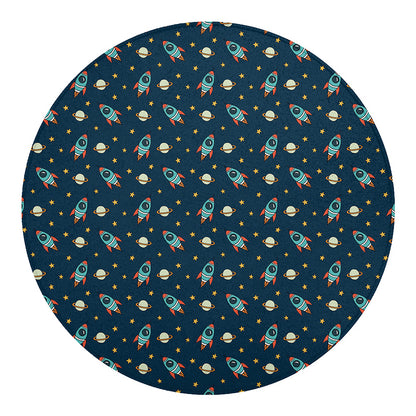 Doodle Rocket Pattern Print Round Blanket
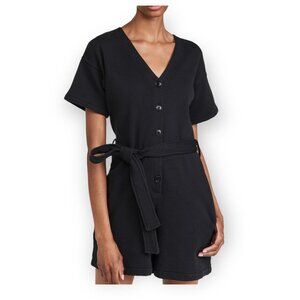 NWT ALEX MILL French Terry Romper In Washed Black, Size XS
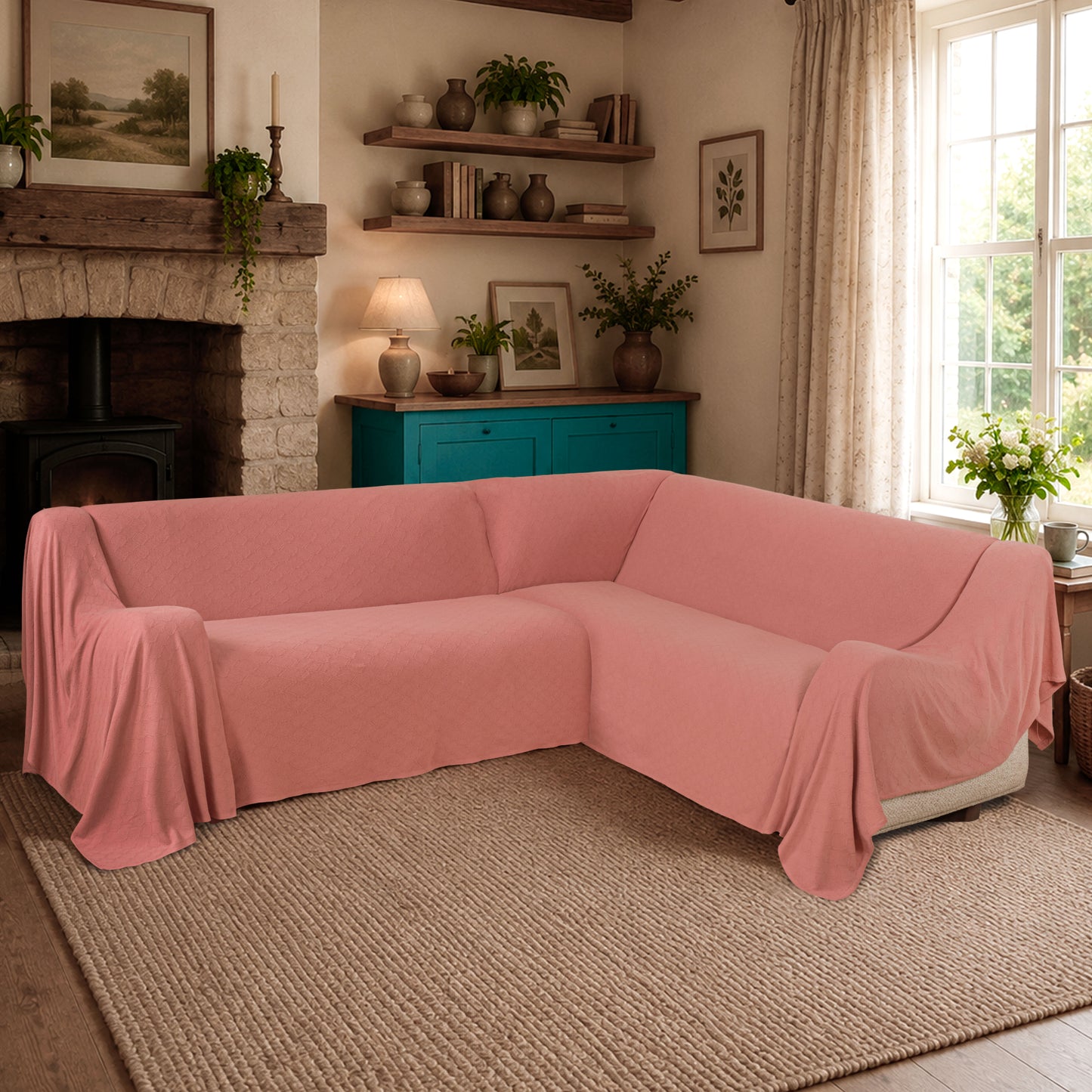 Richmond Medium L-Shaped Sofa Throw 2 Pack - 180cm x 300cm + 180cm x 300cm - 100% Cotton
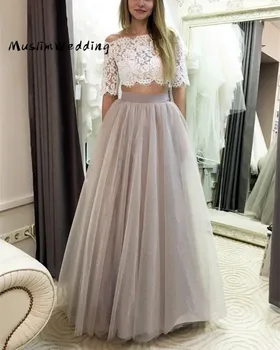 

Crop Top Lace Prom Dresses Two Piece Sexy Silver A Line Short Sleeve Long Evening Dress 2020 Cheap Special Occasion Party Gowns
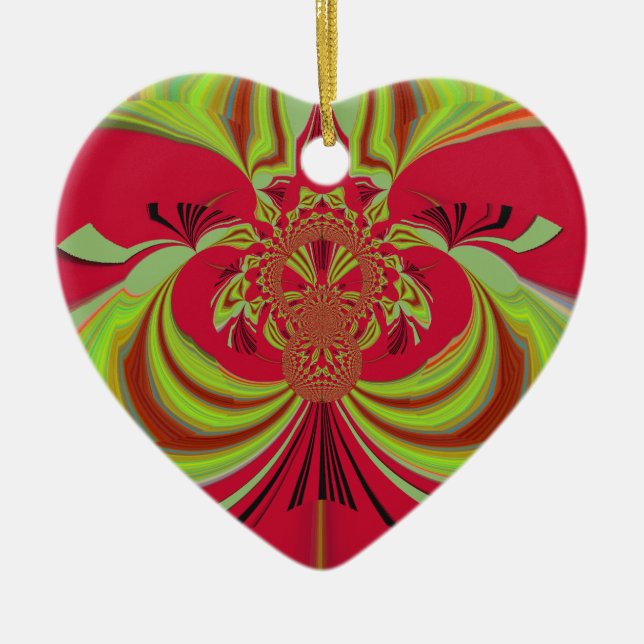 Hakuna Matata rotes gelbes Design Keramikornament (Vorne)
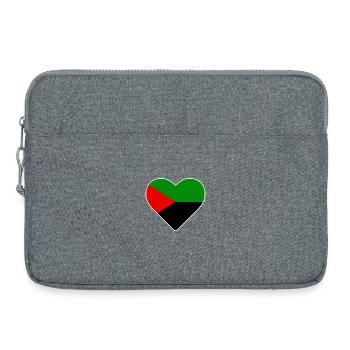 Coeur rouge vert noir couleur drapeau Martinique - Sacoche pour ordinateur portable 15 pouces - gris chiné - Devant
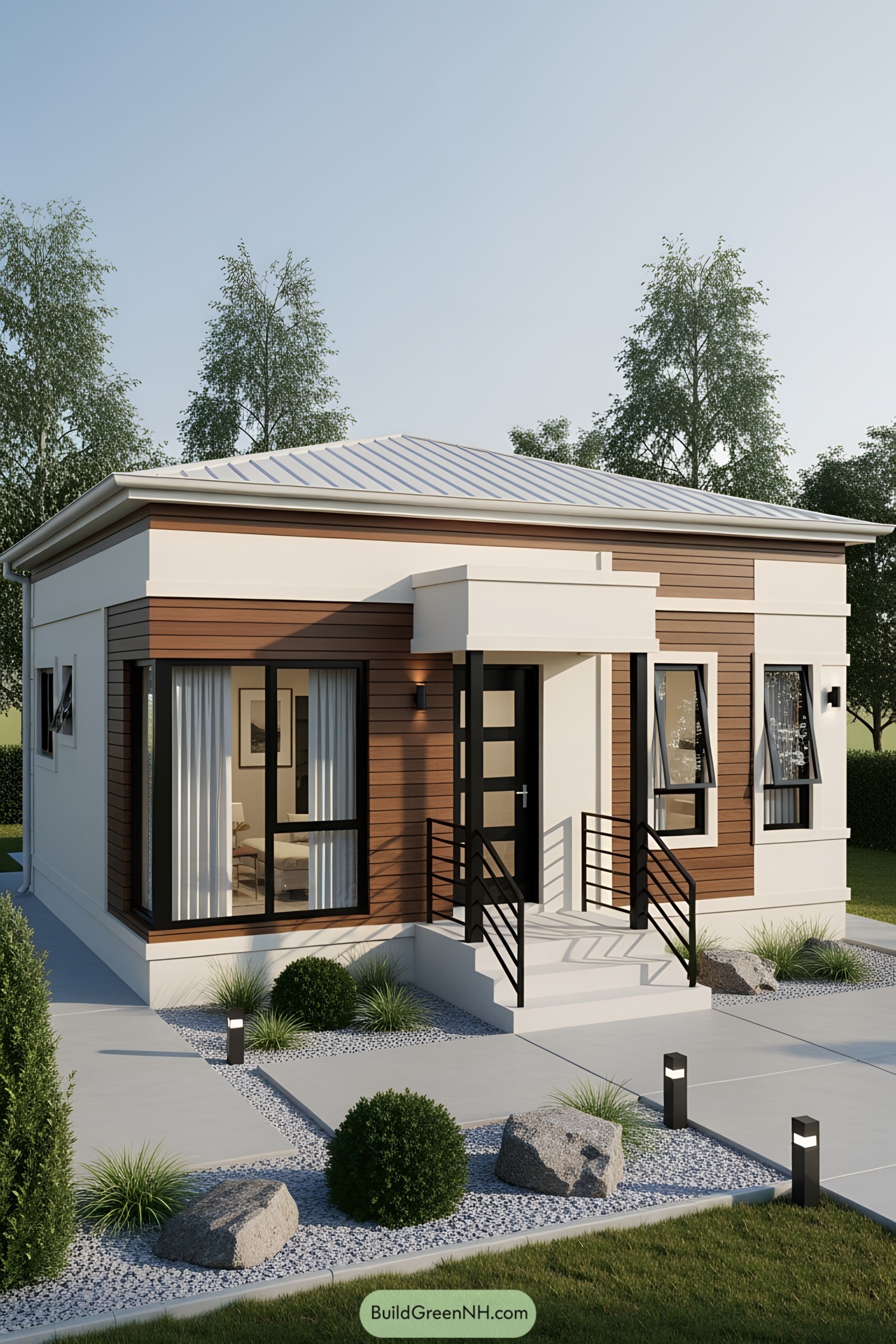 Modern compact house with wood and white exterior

--------------------

_Task requirements_
Quote precisely the lines of the data from the line containing "NWT ALEX MILL" through its final line, both included, excluding pictures.

_Solution_
 NWT ALEX MILL French Terry Romper In Washed Black, Size XS
 Richmond Medium L-Shaped Sofa Throw 2 Pack - 180cm x 300cm + 180cm x 300cm - 100% Cotton

Crop Top Lace Prom Dresses Two Piece Sexy Silver A Line Short Sleeve Long Evening Dress 2020 Cheap Special Occasion Party Gowns
 Hakuna Matata rotes gelbes Design Keramikornament (Vorne)
 Coeur rouge vert noir couleur drapeau Martinique - Sacoche pour ordinateur portable 15 pouces - gris chiné - Devant
 Modern compact house with wood and white exterior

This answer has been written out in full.